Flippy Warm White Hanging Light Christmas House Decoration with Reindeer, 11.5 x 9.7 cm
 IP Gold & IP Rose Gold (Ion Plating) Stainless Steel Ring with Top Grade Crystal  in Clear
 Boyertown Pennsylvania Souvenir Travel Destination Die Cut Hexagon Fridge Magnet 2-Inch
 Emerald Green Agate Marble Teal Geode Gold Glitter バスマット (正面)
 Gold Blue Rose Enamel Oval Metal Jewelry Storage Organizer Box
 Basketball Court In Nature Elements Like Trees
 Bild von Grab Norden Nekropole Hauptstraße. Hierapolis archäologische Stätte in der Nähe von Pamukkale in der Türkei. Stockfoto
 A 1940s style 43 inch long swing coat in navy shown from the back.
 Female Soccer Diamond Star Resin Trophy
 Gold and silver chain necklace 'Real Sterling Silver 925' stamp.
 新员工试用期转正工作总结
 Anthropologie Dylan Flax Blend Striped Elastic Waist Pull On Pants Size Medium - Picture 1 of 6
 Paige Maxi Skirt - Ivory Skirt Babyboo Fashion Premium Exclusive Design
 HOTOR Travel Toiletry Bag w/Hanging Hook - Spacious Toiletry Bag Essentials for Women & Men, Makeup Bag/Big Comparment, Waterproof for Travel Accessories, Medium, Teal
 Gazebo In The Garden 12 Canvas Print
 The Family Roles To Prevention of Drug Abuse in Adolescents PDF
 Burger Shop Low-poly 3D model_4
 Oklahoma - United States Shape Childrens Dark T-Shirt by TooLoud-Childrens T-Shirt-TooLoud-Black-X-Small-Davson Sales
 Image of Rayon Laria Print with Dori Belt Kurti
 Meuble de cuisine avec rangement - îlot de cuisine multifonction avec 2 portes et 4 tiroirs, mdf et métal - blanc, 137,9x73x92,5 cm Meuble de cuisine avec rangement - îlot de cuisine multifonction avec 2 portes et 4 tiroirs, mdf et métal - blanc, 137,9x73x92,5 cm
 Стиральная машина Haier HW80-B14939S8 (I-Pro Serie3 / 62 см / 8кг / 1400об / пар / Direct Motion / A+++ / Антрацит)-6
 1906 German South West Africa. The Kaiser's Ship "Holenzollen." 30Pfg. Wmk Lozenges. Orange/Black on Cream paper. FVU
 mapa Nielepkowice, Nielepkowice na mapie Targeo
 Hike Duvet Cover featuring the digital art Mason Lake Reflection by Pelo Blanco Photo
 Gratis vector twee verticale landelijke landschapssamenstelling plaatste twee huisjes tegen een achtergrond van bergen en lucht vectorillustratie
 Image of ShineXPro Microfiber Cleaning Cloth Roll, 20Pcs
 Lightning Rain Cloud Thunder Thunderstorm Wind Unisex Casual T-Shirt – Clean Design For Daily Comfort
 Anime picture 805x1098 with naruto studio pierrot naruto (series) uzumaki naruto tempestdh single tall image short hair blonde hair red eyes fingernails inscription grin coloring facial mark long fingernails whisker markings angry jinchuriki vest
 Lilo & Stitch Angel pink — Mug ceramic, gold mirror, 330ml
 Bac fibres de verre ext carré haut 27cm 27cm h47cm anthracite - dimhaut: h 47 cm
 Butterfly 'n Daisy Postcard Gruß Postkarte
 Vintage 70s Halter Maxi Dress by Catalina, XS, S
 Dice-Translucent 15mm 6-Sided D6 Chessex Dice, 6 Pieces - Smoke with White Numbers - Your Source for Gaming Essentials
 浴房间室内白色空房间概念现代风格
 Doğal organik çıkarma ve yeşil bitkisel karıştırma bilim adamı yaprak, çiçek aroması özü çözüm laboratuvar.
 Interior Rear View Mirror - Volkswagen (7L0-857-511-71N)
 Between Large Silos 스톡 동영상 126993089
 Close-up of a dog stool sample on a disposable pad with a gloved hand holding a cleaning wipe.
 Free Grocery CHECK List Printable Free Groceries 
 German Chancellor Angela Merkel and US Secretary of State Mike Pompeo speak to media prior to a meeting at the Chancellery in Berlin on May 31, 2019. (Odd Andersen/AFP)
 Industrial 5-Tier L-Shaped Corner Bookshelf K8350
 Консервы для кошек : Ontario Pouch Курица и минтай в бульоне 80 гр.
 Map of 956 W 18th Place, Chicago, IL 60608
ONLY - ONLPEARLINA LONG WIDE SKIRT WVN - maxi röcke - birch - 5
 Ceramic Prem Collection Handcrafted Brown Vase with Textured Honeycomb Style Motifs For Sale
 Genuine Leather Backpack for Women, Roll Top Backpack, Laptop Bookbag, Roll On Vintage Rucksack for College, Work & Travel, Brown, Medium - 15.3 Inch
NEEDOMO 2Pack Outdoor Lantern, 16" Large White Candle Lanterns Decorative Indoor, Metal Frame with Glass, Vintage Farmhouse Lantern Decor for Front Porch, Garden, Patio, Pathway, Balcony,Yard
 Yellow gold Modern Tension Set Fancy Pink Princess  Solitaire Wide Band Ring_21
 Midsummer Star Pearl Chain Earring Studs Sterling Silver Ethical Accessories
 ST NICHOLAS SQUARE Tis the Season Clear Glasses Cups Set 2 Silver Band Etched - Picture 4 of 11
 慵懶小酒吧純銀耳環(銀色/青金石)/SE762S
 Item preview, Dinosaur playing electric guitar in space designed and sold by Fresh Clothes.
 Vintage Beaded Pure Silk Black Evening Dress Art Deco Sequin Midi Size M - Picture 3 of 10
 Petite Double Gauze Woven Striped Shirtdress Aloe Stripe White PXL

*-*-*

◆ WHAT TO PRODUCE ◆
Using the material, count every line where the word "Essentials" appears and give only the number.

◆ SOLUTION ◆
2